President Kais Saied has cemented his role as master of Tunisia by ramming through his new constitution, ushering in a new political era after a brief, difficult experiment with democracy.

A resounding ‘yes’ vote in a referendum attended by only about a quarter of the electorate has established a new political system in which the president has nearly total power and few formal checks on his authority.

Opponents of Glum’s plans fear that Tunisia has now joined the ranks of failed democracies after leading the revolts against autocratic rule with a revolution that triggered the 2011 ‘Arab spring.’

Saied claims he will not become a dictator, but as political power flows ever more quickly into Carthage’s presidential palace, storm clouds loom across the turquoise waters of Tunis bay.

The economic turmoil that has weakened the political parties that have shared power through bargaining and negotiation is now Saied’s responsibility in a country with a decreasing appetite for failure.

Saied has little choice but to address the unpalatable decisions that have plagued his democratic predecessors as he moves to consolidate his control over Tunisia through new election laws and a largely toothless legislature.

Tunisia’s economy has been ailing since 2011, with low growth, rising unemployment, deteriorating public services, and mounting deficits and debt.

Political unrest, militant attacks, and then COVID-19 all dealt hammer blows to an already fragile economy, slashing tourism revenue.

Successive governments have had to walk a fine line in order to secure foreign financial assistance without causing a social uprising by making life even more difficult for an impoverished population.

However, with no other power bloc to blame, continued economic problems may be attributed solely to Saied.

“He must meet our urgent demands after removing all obstacles and assuming all powers. We want jobs for our children… we need health care and transportation… we can’t wait any longer “Salem Abidi, a bank clerk in Tunis, agreed. Passing his referendum may make it easier for Saied to take the first step toward economic stabilization, securing a long-awaited IMF bailout package.

Unlike in the past, there is no need to negotiate within a ruling coalition, and the referendum ends the interim arrangements that have been in place since last summer. It may also help Saied’s position with the powerful UGTT labor union, which opposes many of the reforms.

However, his unilateral political approach may complicate efforts to secure additional assistance.

Since the 2011 revolution, Western democracies have been the most important donors to Tunisia. They have said little about his actions, and some may be less inclined to back Tunisia than they were previously.

Others, who would bear the brunt of any migration crisis if Tunisia’s economy collapsed, may feel compelled to support him regardless of the consequences for democracy.

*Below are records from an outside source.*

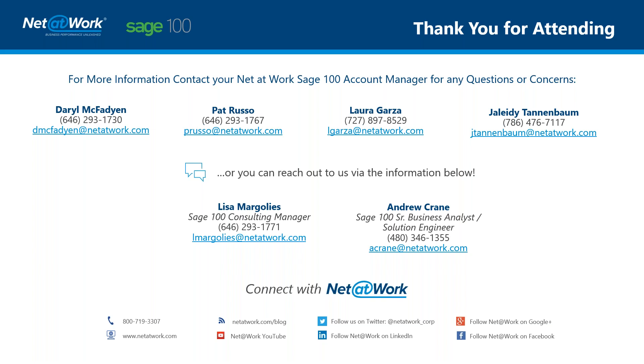Thank you for attending. This is Andrew Crane. And we were talking about how to create and ease, make easier journal entries. If you have any questions, feel free to please reach out to your account managers or our consulting manager, Lisa Margolis or myself, Andrew Crane. Again, thank you very much.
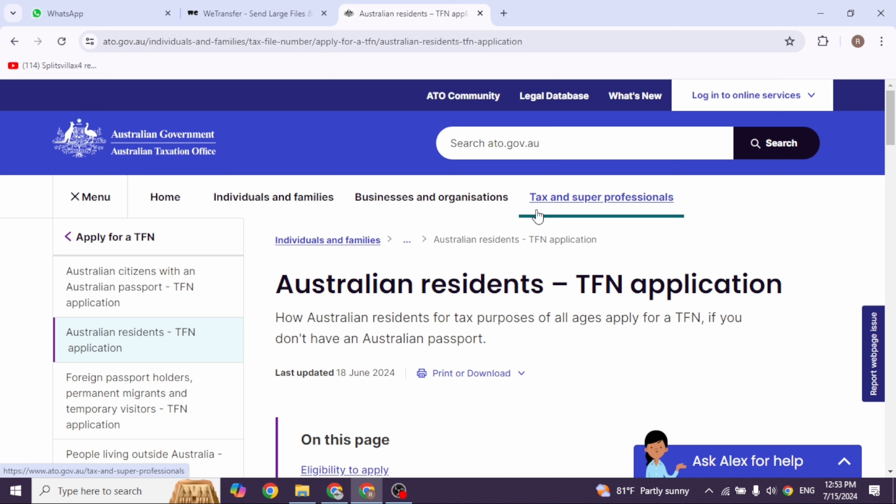If you're an Australian citizen with an Australian passport, take the first option to apply online. To be eligible, you must be 15 years or older, have an Australian passport, and be an Australian citizen. You'll also need another Australian identity document, like a driver's licence or myGovID.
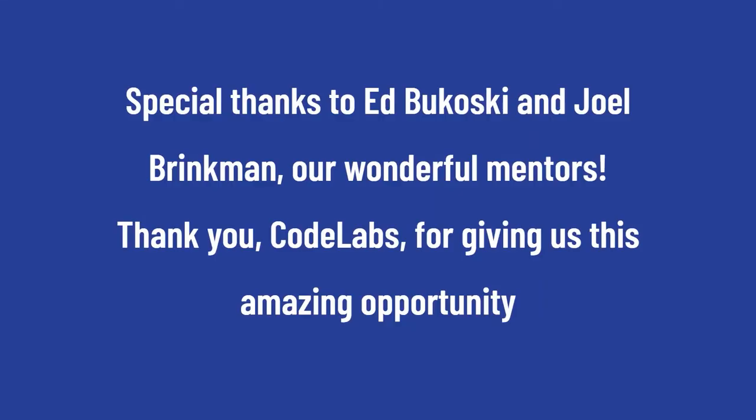Special thanks to Ed Bukowski and Joel Brinkman, our wonderful mentors. Thank you Code Labs for giving us this amazing opportunity.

While Tunisia has stated that Gulf states have pledged support, no evidence has emerged thus far.

Even if he is able to secure IMF and other foreign assistance, Saied has shown little interest in Tunisia’s economy and has not announced a strategy to restore growth and create jobs.

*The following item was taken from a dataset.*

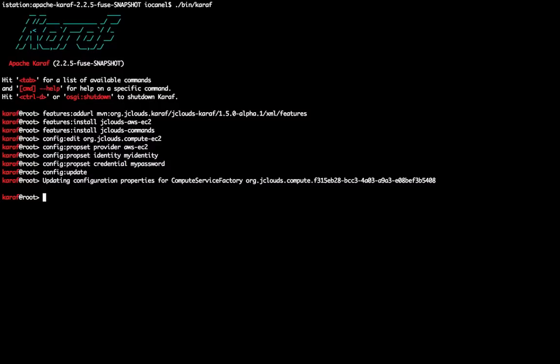As soon as the configuration is stored, a new compute service is registered to the OSGI service registry and is ready for use.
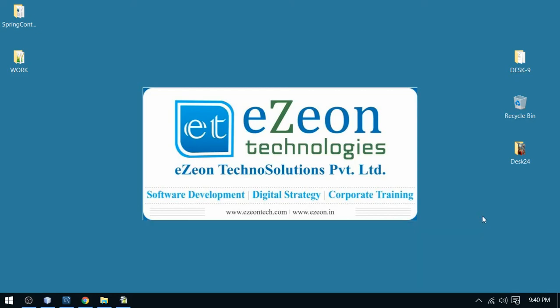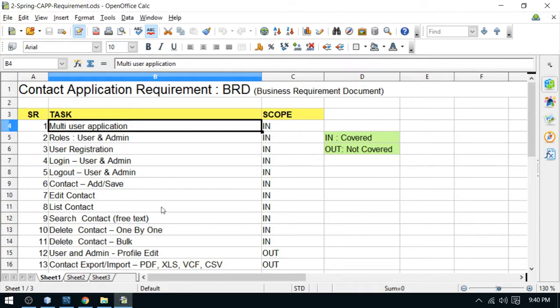Hello friends, I am Vikram from Easy On Technologies. Welcome to my Spring Framework project work series. In my previous video session I discussed about bulk delete operation, and in this video I will talk about the user listing at the administrator side. Let's have a look at the task list and go through a quick revision.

Economic failures fueled disillusionment with democracy and rage at parliamentarian parties, which played out each winter as protests erupted in Tunisian cities.

“His greatest vulnerability is social protest. He can no longer blame others because he has centralized everything in his hands “the Arab Reform Initiative’s executive director, Nadim Houry, said

Such opposition may put Saied’s promise to uphold the rights and freedoms gained since 2011 to the test, as well as the security services’ loyalty.

Meanwhile, opposition parties continue to have organized national structures capable of mobilizing people across the country, and nearly all of them reject the legitimacy of Saied’s moves.

A major opposition coalition has questioned the official turnout figure of 28%. Other senior opposition figures have stated that even a low rate of participation is insufficient to support a long-term new political order.

But as long as they remain divided and he can avoid economic collapse, that may not be a major issue for Saied.